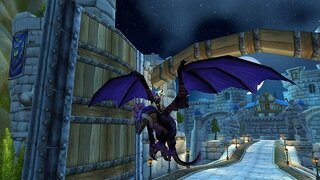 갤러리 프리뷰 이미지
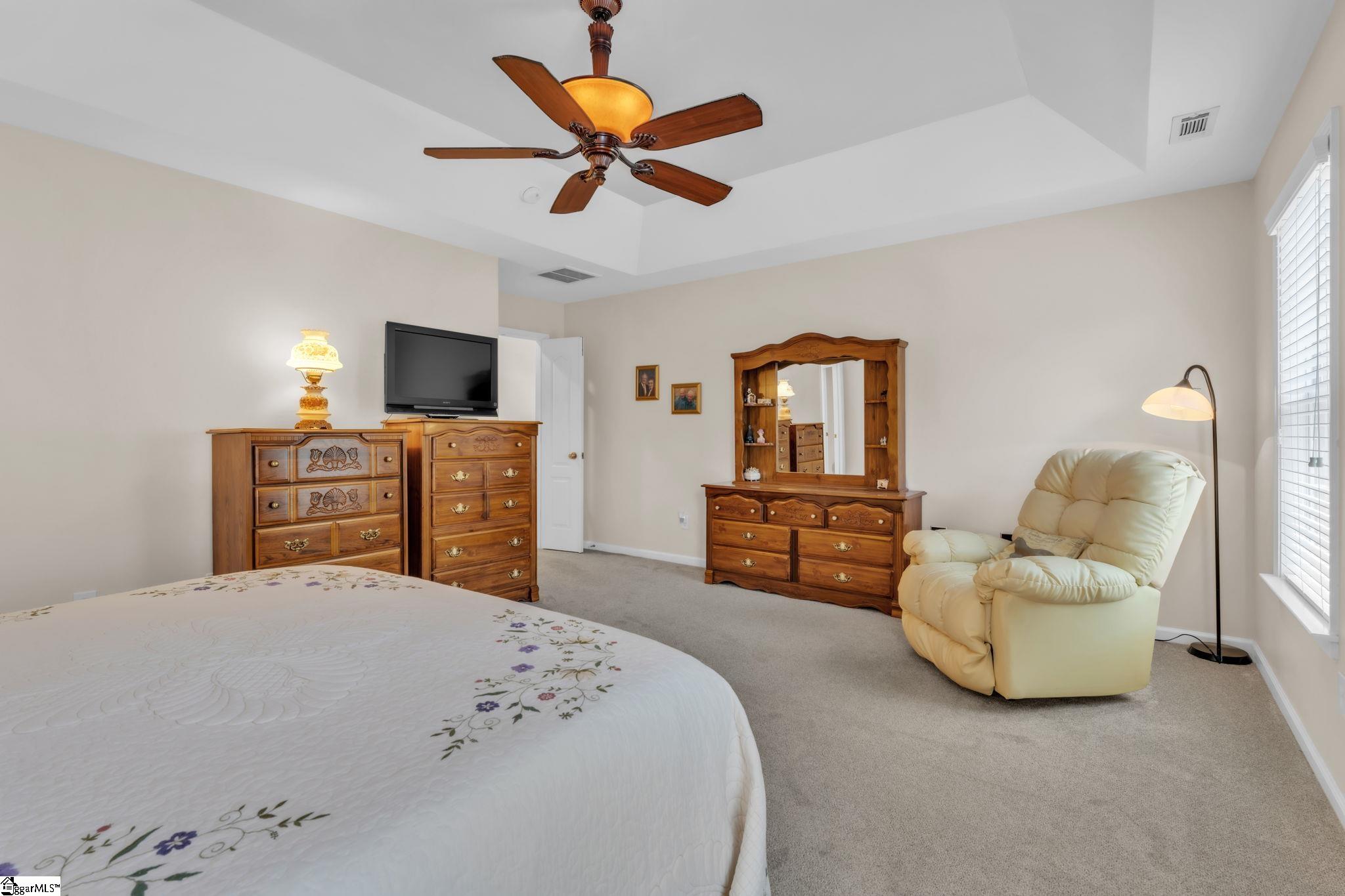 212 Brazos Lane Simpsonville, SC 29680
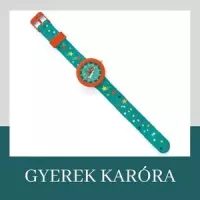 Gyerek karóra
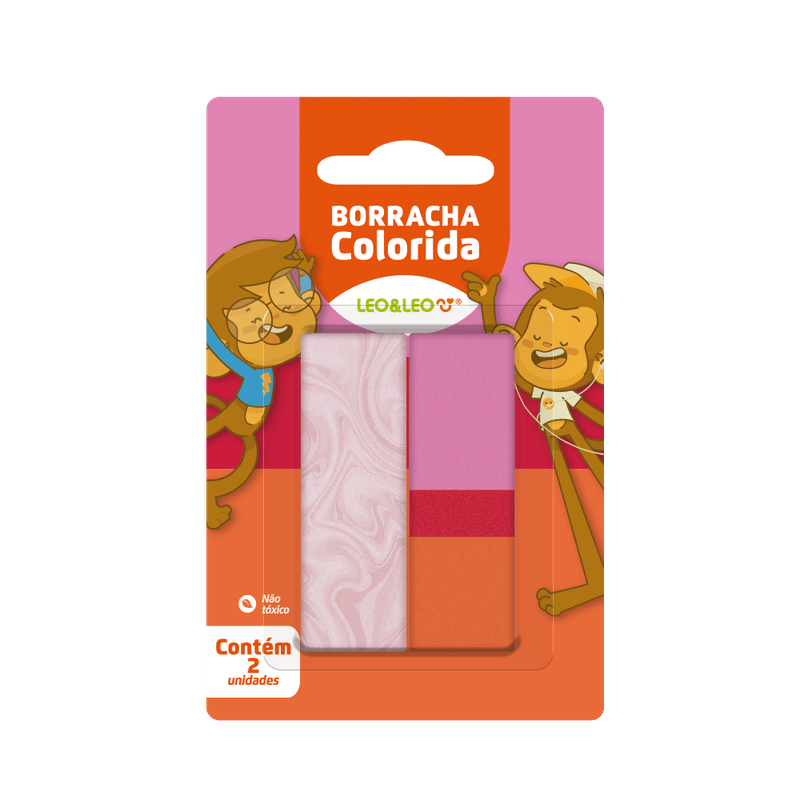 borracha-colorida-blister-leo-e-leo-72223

● ● ● ●

Pictures stay out. Write out everything else in the material exactly.

 갤러리 프리뷰 이미지
 212 Brazos Lane Simpsonville, SC 29680
 Gyerek karóra
 borracha-colorida-blister-leo-e-leo-72223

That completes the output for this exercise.